As writer Guy de Maupassant described, Monet was "not a painter actually, but a hunter"; he would stalk his landscape scenes, "lying in wait for the sun and shadows", only starting a canvas once the visual effects were to his liking.
For this Matinée sur la Seine, temps net (1897), Monet chose a quiet, protected backwater where the Epte tributary fed into the Seine, rather than painting a wide-open expanse of the river, as he often had before.
Edouard Manet | Monet Painting on His Studio Boat | Collection of Neue
Pinakothek, Munich
Between 1886 and 1887, the Impressionist master painted a total of 21 canvases on the same view, working from his famous bateau-atelier (studio-boat) in the middle of the river, recording the delicate effects of the rising sun on his chosen location.
The journalist Maurice Guillemot, who visited and interviewed Monet during the summer of 1897, described the process that the artist undertook to paint this series:
"The crack of dawn, in August, 3:30 a.m. His torso snug in a white woollen hand-knit, his feet in a pair of sturdy hunting boots with thick, dew-proof soles, his head covered by a picturesque, battered, brown felt hat, with the brim turned up to keep off the sun, a cigarette in his mouth...
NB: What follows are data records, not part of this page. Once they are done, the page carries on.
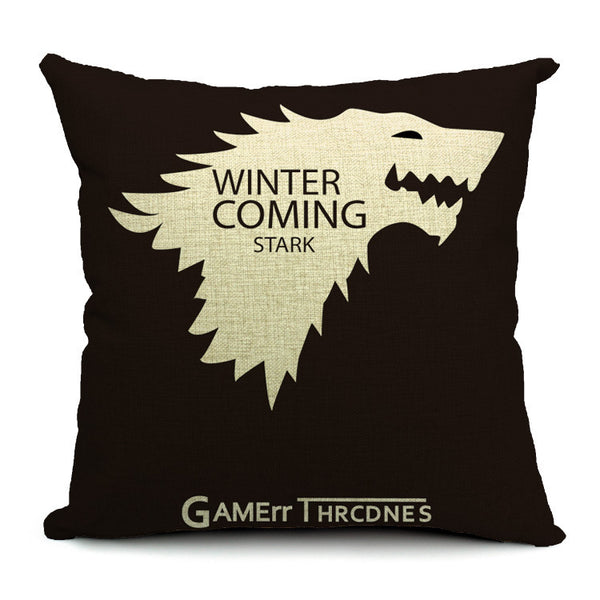 18" Premium Game of Thrones House Sigil Crest Print Pillow Cover Cushion Case
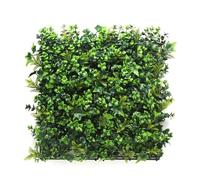 Mur Végétal Artificiel Intérieur Haie Artificielle Panneaux Muraux Toile de Fond Tropicale, 50 x 50 cm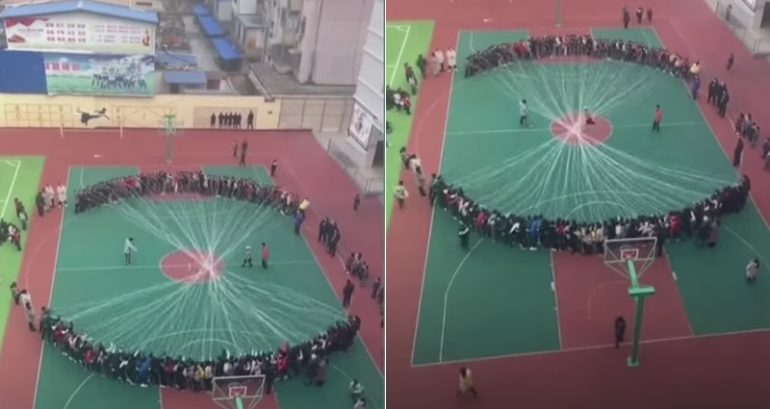 Chinese Students Show Off Their Jaw-Dropping Jump Rope Skills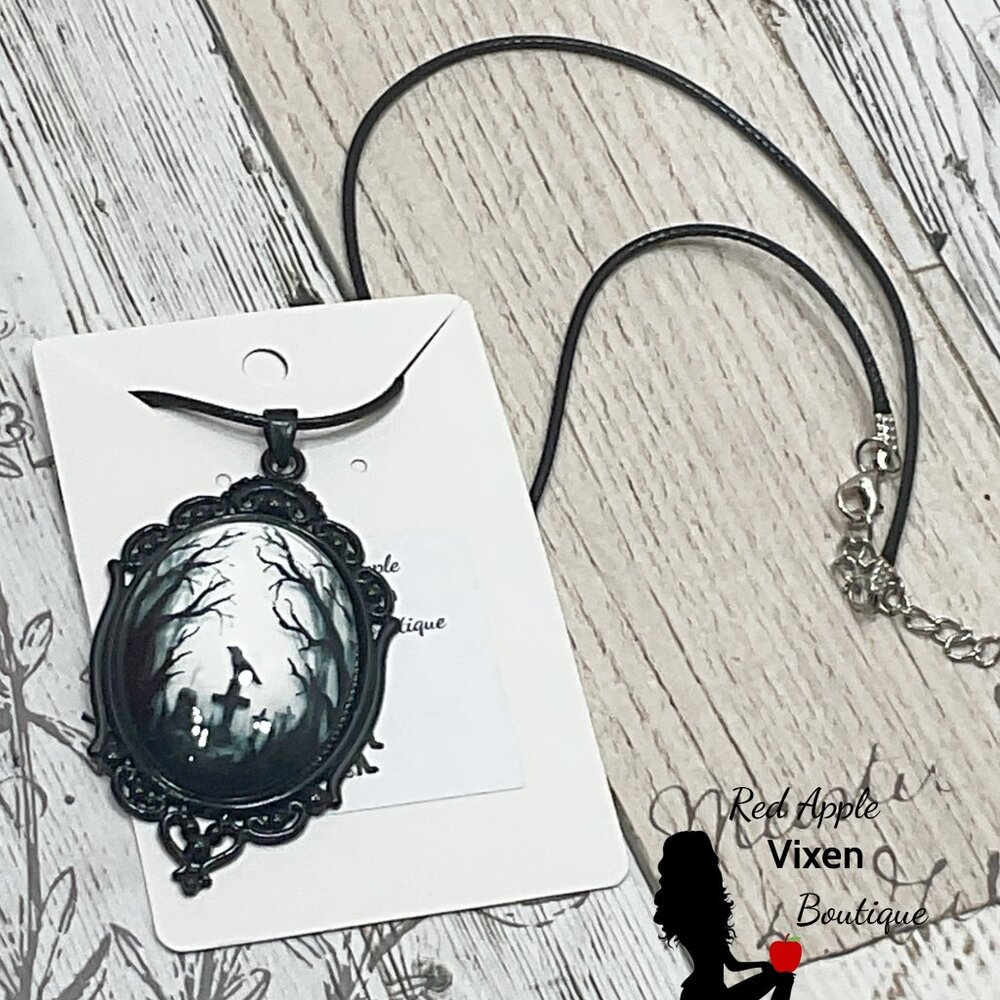 Graveyard Scene Necklace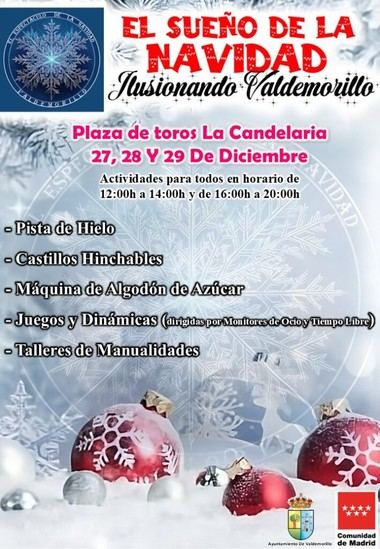 Valdemorillo celebra 'El sueño de Navidad' con actividades gratuitas este fin de semana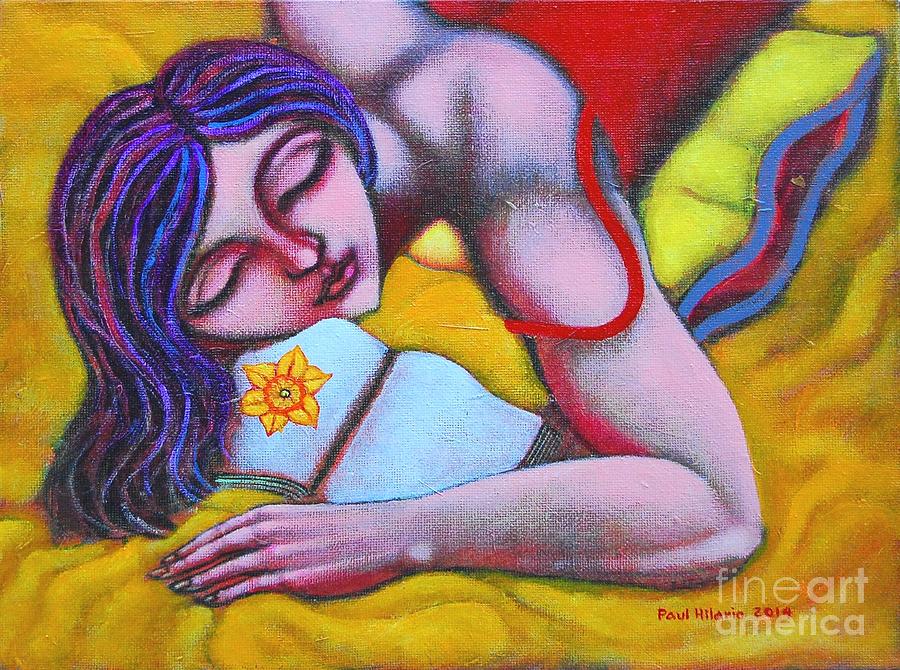 Narcissus Painting by Paul Hilario Narcissus Painting by Paul Hilario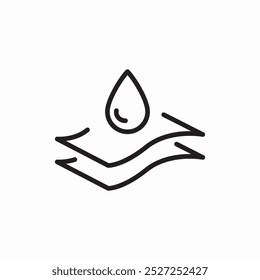 water resistant icon sign vector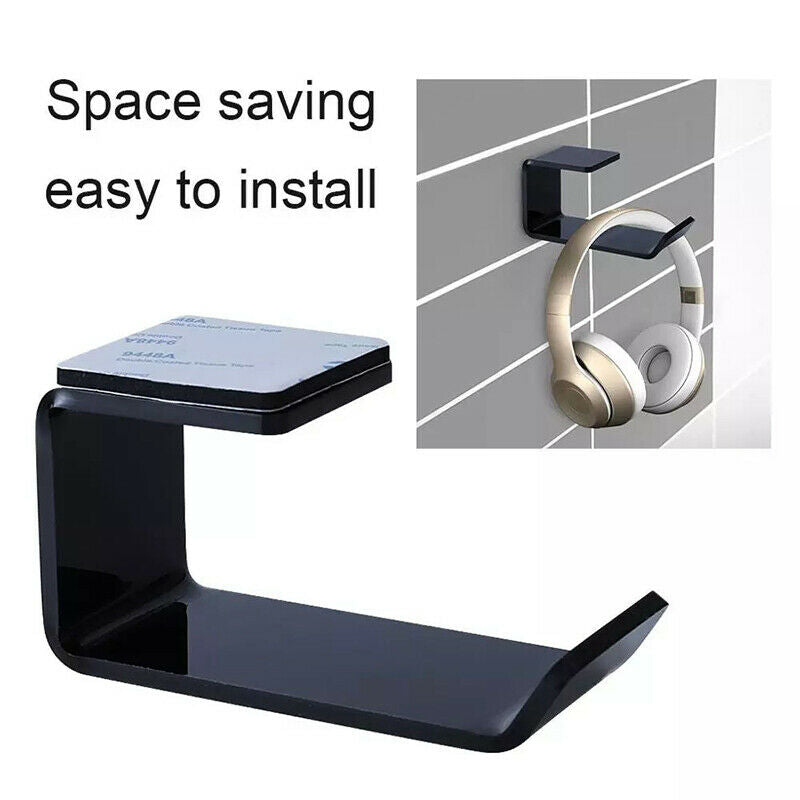 Acrylic Headphone Bracket Wall Mounted Headset Holder Hook Display Stand VnM XC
[Monet] pushes open the door, walks down the steps, follows the central path through his garden... and comes to the river. There he unties his rowboat moored in the reeds along the bank, and with a few strokes reaches the large punt at anchor which serves as his studio."
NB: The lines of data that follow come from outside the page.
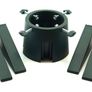 Christmas Tree Stand With Reservoir - Modern Design Real Xmas Tree Stand - Christmas Tree Base With Removable Legs - Xmas Tree Holder For Home & Office - Maximum 6ft Christmas Trees (FREE POSTAGE) Image 4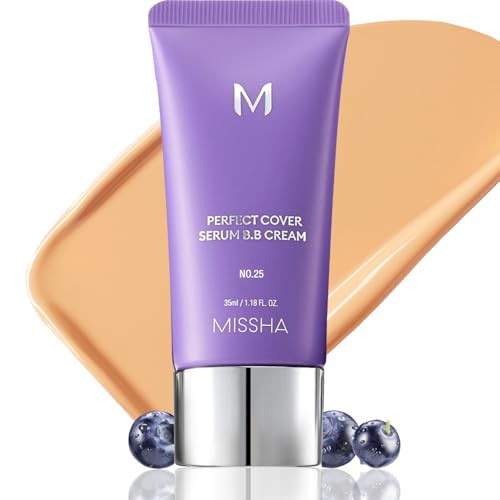 MISSHA M PERFECT COVER SERUM BB CREAM No.25 Warm Beige - Medium with Warm Undertone, BB Cream by Cardi B Pick, Skin Tint, Tinted Moisturizer, Skin Care Foundation Makeup, Korean Makeup,1.18 Fl oz | Amazon (US)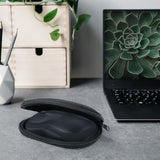 kwmobile Neoprene Case Compatible with Logitech M220 Silent / M235 / M185 - Case for Mouse Soft Pouch Carry Bag - Black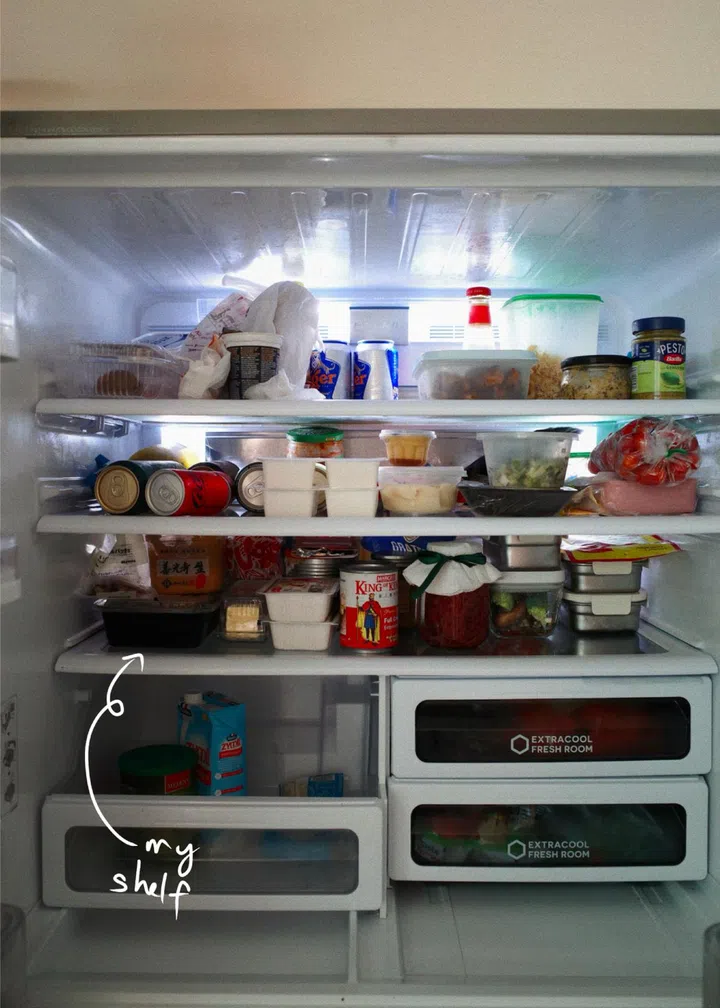 fridge contents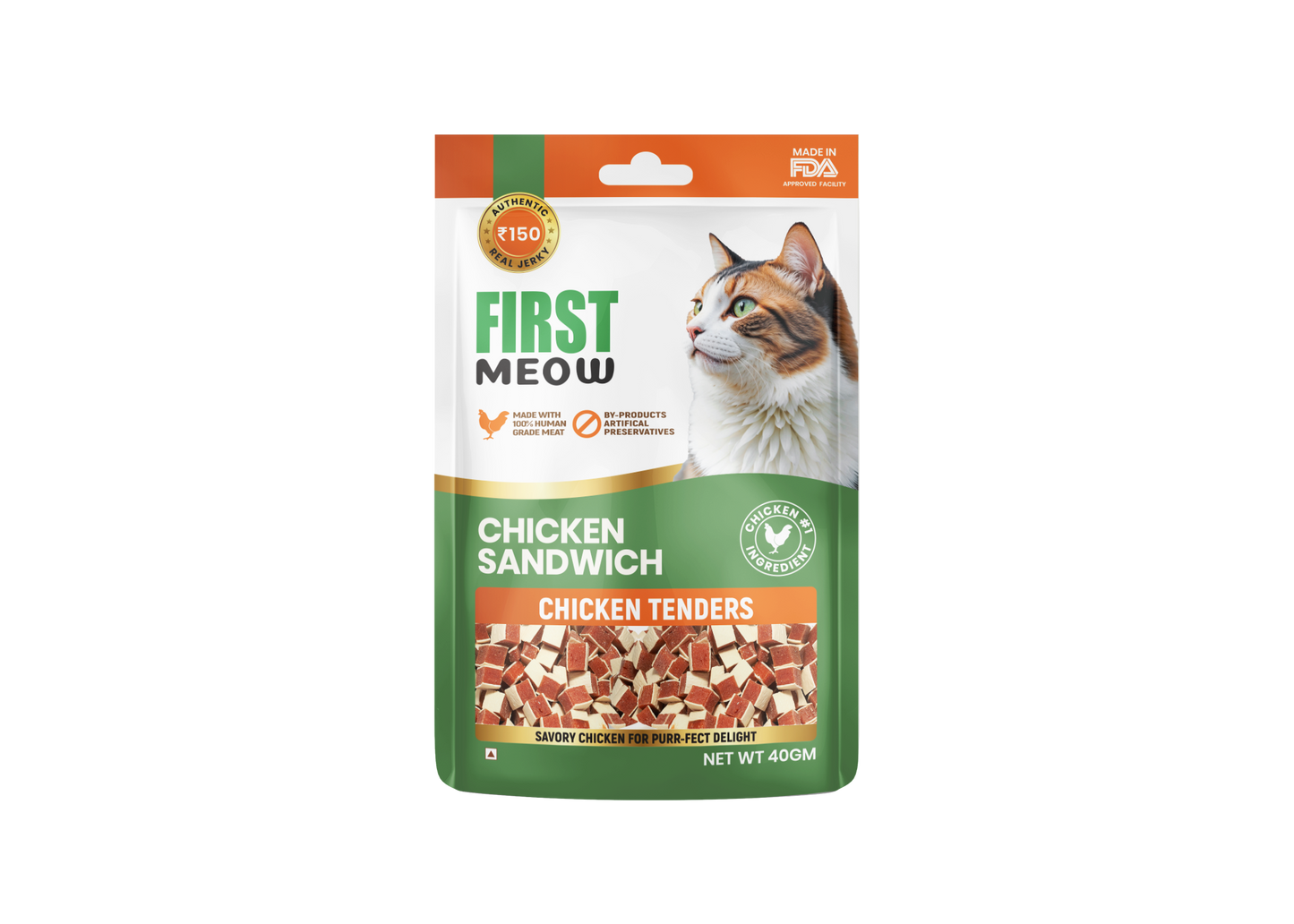 First Meow Chicken Sandwich 40 Gm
Claude Monet | The Seine at Giverny, Morning Mists (1897) | The North Carolina Museum of Art
Claude Monet | Morning on the Seine near Giverny (1897) | The Metropolitan Museum of Art (The Met)
Across those canvases, Monet captures specific instants as the sun passes over the scene, from the first rays of light at dawn, to the full brilliance of the sun at mid-morning, and every nuanced moment in between.
To record that fleeting light effect, he had to work on multiple canvases at a time, quickly switching from one canvas to the next, at most working on no less than fourteen at the same time.
In the canvases painted earliest in the morning, such as the one in the collection of The North Carolina Museum of Art, light has not yet penetrated the scene, and mist still hangs heavily over the river, reducing the distant forms of trees to soft shapes in the background.
As the sun began to rise, as captured in the Met one, the artist rendered the sky bathed in a warm orange glow, but the banks of the river were still slightly in shadow, with light catches on the tops of the foliage.
Claude Monet | Matinée sur la Seine, temps net (1897) | The present lot
Claude Monet | Matinée sur la Seine (1896) | Sold: US$20.55 million, Sotheby's New York, 2018
Here, in the present lot, the sun has yet to fully rise. Deep purples blanket the foliage and the overhanging branches of the surrounding trees, which form sweeping arabesques that frame the pale sky. The gradually brightening light, a soft blue glows in contrast to the still-dark land.
The work was last seen on the auction block back in 1978 when it sold for US$330,000 to an American collector.
Another example in the series, which is dated 1896 and depicts the spot under a clear morning sky, fetched US$20.55 million at Sotheby's New York in 2018.